(SOURCE MATERIAL Opens)

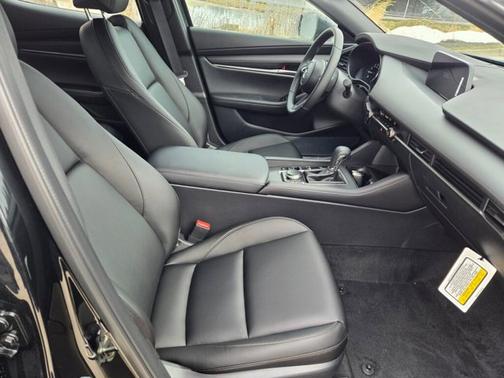 2026 Mazda Mazda3 2.5 S Select Sport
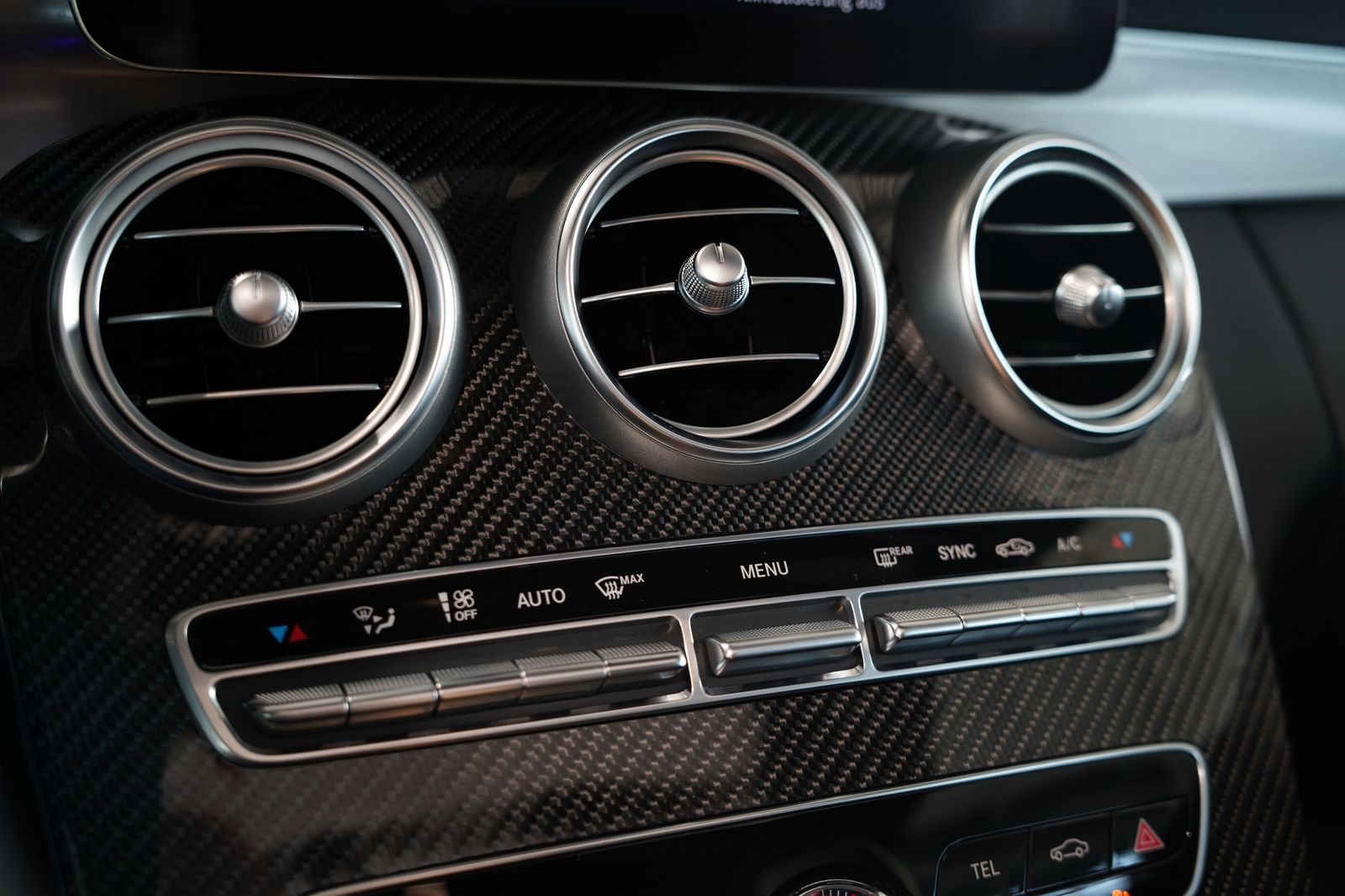 Mercedes Benz C 63 Amg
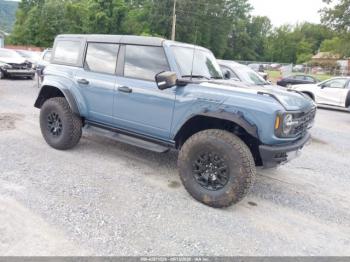  Salvage Ford Bronco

(SOURCE MATERIAL Closes)

## ASSIGNED TASK
Please copy out each line above exactly as written, but not the pictures.

## WRITTEN ANSWER
 2026 Mazda Mazda3 2.5 S Select Sport
 Mercedes Benz C 63 Amg
  Salvage Ford Bronco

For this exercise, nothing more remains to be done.